Currently, CMS requires that all CLIA laboratories submit a laboratory activity list to the agency
that comprises all the tests it performs, including LDTs, as well as the methodologies utilized.
CAP, a key private accrediting body, requires that laboratories provide a specific list of all LDTs
they perform. Further, much of the data requested under the draft measure is already collected
by CMS and the CLIA program and/or its deemed accrediting bodies. AACC suggests that any
additional data be gathered during routine CLIA inspections within the current regulatory
framework. At a minimum, the paperwork reduction principle should be applied so that
laboratories need only submit information once per review cycle and that data should be shared
amongst regulatory agencies.
Quality System Requirements
Recently there has been flexibility introduced into laboratories performing LDTs in the form of
the Individual Quality Control Program (IQCP) option to meet quality system documentation
requirements. We feel that this framework meets many of the intentions of the proposed FDA
oversight, and therefore we suggest that IQCP under CLIA be the standard quality system
requirement for laboratories performing LDTs.
Adverse Event Reporting
The FDA document states that test developers shall “establish, maintain, and implement” a
reporting system that notifies the agency of adverse events quarterly, unless the event presents an
imminent threat to public health or involves a patient death. AACC does not believe the adverse
event framework, which was developed for reporting problems involving medical devices, is
appropriate for services provided by clinical laboratories. Results from LDTs do not generally
result or contribute to the death or severe injury of a patient.
During a January 2015 FDA Public Workshop on LDTs, the Mayo Clinic reported that over the
previous five years it had produced more than 2.5 million LDT-based tests without a single
sentinel event (The Joint Commission defines a sentinel event as a safety event that results in
death or permanent harm to the patient). One reason for the overall safety of LDTs is that
laboratories implement internal quality controls that detect many analytical and pre-analytical
errors and prevent wrong results from being reported. The current CLIA regulatory framework
also requires laboratories to identify, document and perform corrective measures for any
laboratory errors, and this would include errors resulting in patient harm if they were to occur.
This documentation is reviewed on a regular basis by CLIA or accrediting bodies.
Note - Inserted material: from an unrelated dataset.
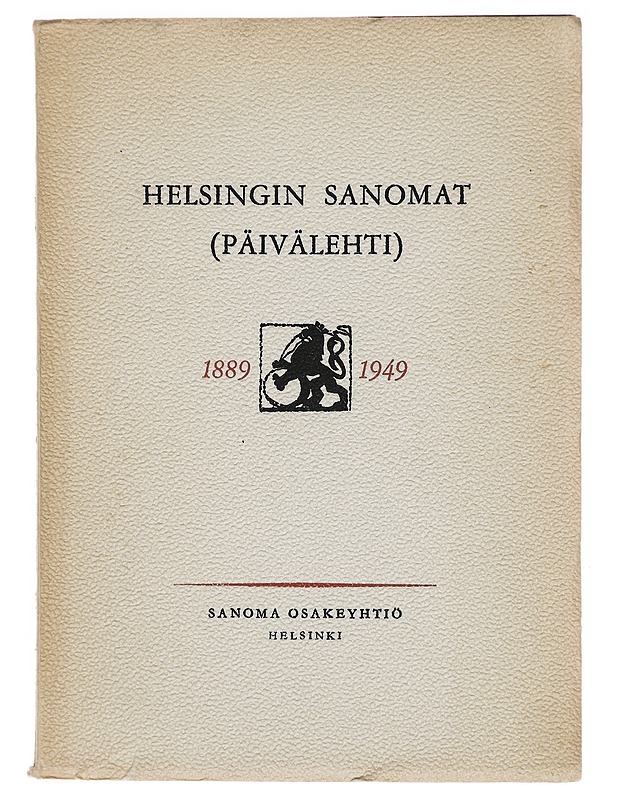 Helsingin Sanomat (Päivälehti) 1889-1949 - Historiakirjat - 10105396085 - 0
AACC
recommends that when a laboratory identifies a testing error it should report that mistake to the
appropriate oversight body.
The draft measure would create a new user fee program that can be applied to laboratories
performing LDTs. Reimbursement for clinical laboratories is being cut dramatically under the
Protecting Access to Medicare Act, while at the same time testing facilities must pay
registration/accreditation fees under CLIA (which are planned to increase by 20 percent), as well
as incur the costs of on-site inspections and periodic proficiency testing to demonstrate
performance. The regulatory requirements outlined in this draft measure, along with the
additional costs, would assure that only a few laboratories would continue to offer LDTs.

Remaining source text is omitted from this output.